[Records excerpted from a collection]
-*-

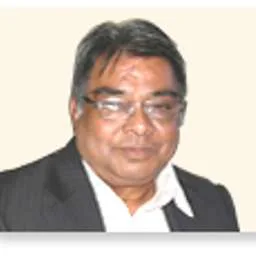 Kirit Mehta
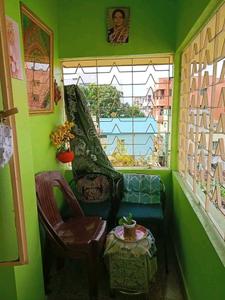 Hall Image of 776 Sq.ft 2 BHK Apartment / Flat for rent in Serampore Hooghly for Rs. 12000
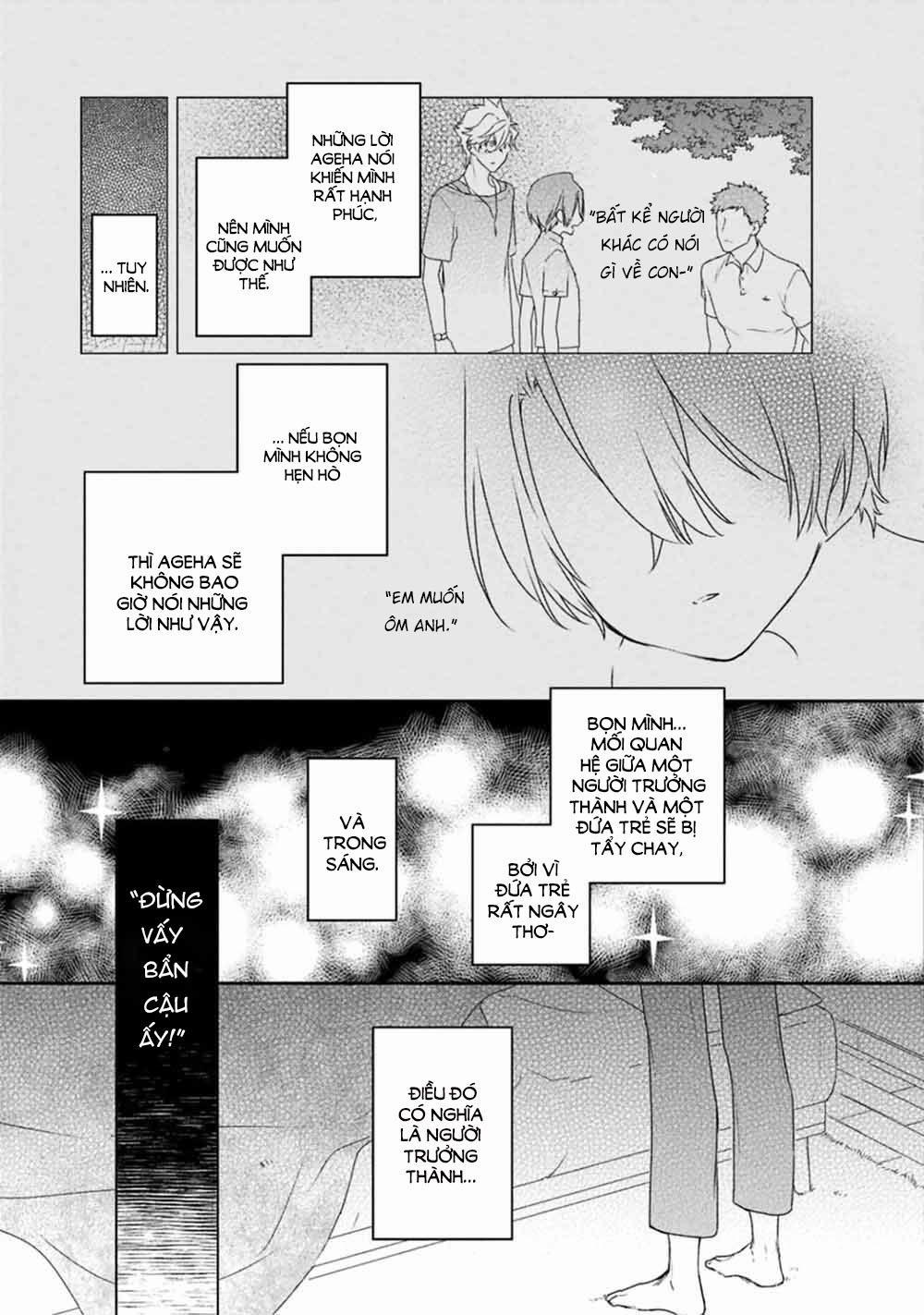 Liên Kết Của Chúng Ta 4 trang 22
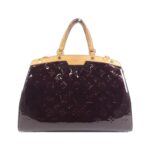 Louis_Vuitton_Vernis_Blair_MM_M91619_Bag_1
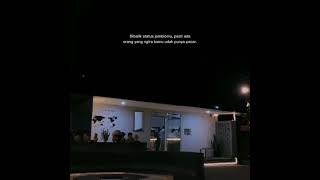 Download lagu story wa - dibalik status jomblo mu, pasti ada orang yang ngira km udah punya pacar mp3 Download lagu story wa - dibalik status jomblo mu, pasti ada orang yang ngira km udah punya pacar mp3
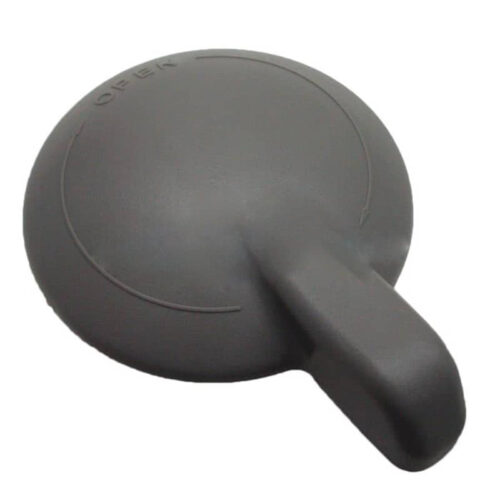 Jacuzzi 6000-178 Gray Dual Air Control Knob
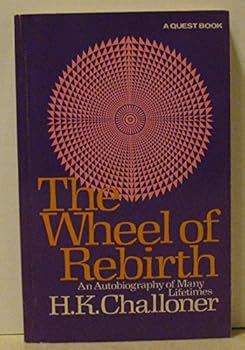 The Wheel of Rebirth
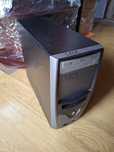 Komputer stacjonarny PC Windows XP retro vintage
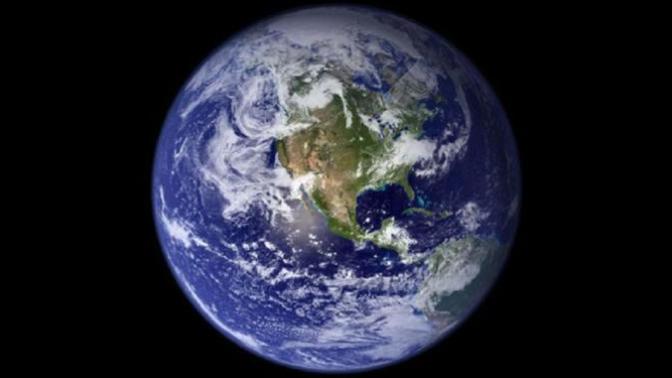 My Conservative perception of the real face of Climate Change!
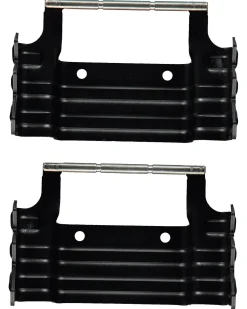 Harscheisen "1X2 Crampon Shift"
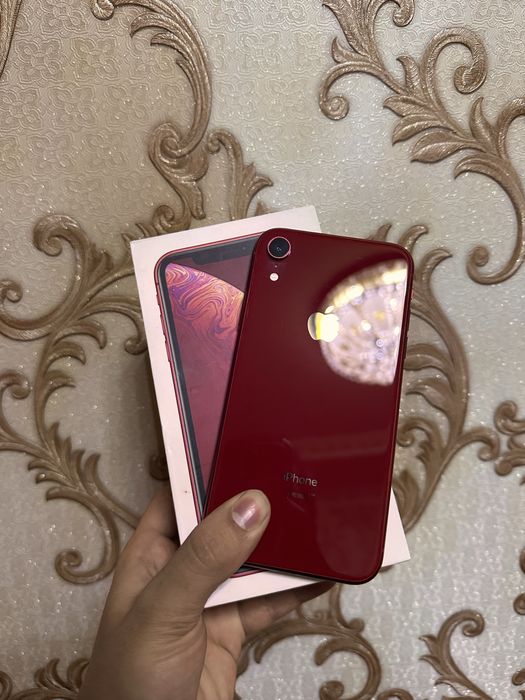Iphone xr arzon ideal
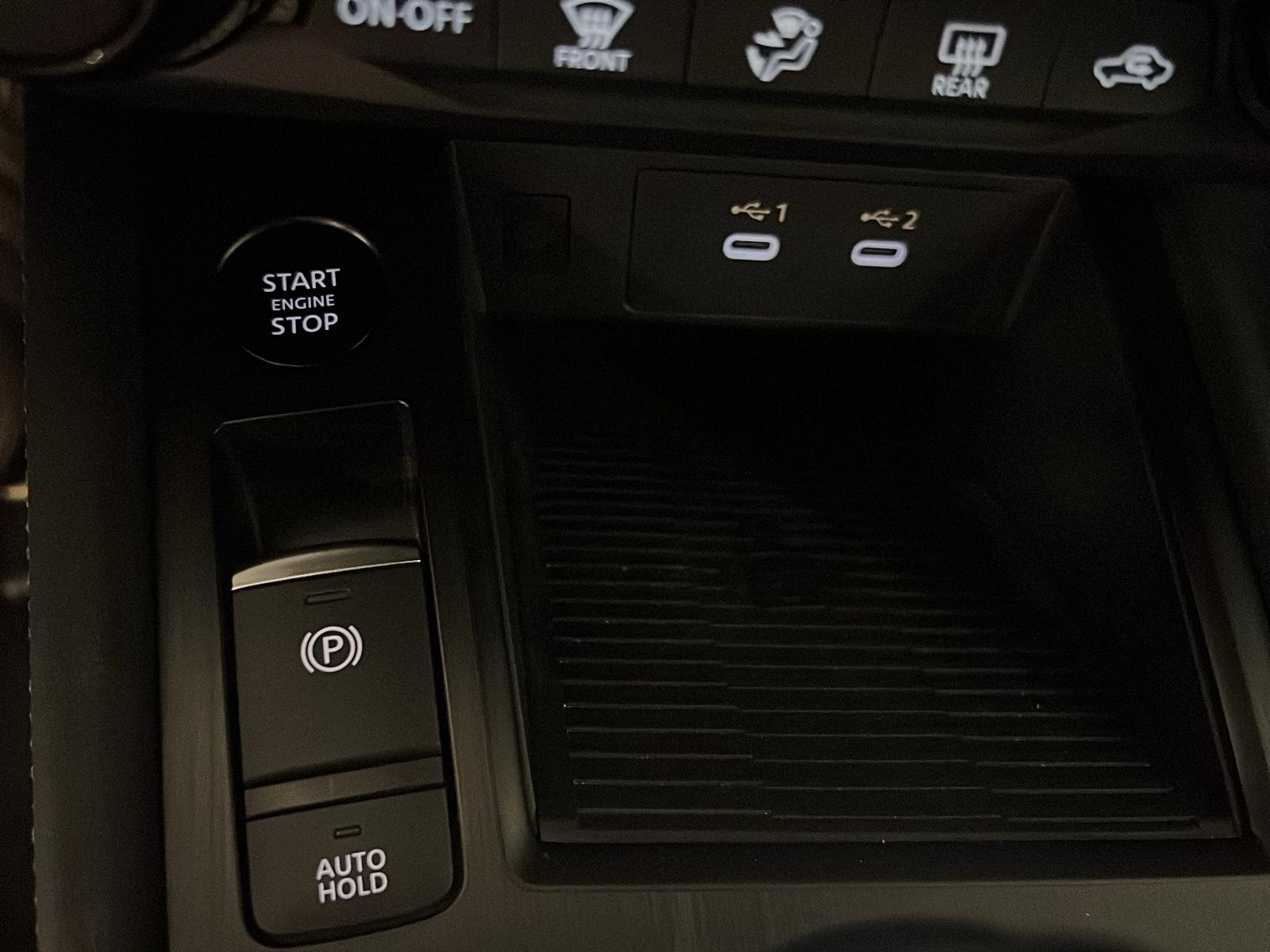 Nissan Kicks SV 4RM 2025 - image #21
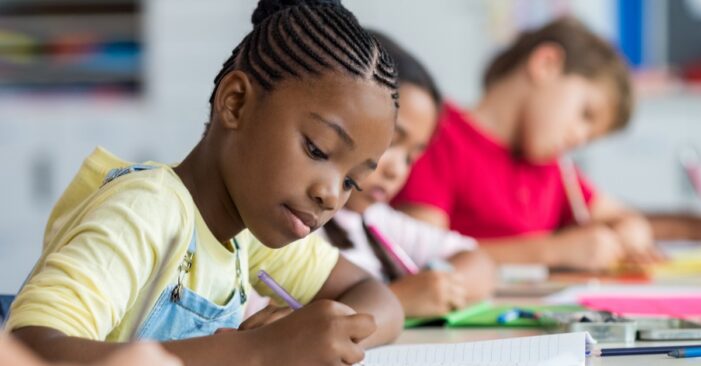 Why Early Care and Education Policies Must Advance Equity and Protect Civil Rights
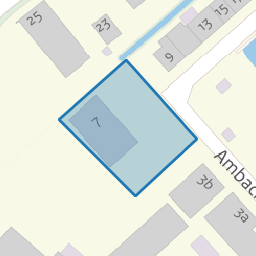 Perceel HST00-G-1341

-*-

How would the lines above read from the one with "pacar mp3 Download" to the one with "Iphone xr arzon ideal", inclusive, with no pictures? Write them out exactly.

 Download lagu story wa - dibalik status jomblo mu, pasti ada orang yang ngira km udah punya pacar mp3 Download lagu story wa - dibalik status jomblo mu, pasti ada orang yang ngira km udah punya pacar mp3
 Jacuzzi 6000-178 Gray Dual Air Control Knob
 The Wheel of Rebirth
 Komputer stacjonarny PC Windows XP retro vintage
 My Conservative perception of the real face of Climate Change!
 Harscheisen "1X2 Crampon Shift"
Iphone xr arzon ideal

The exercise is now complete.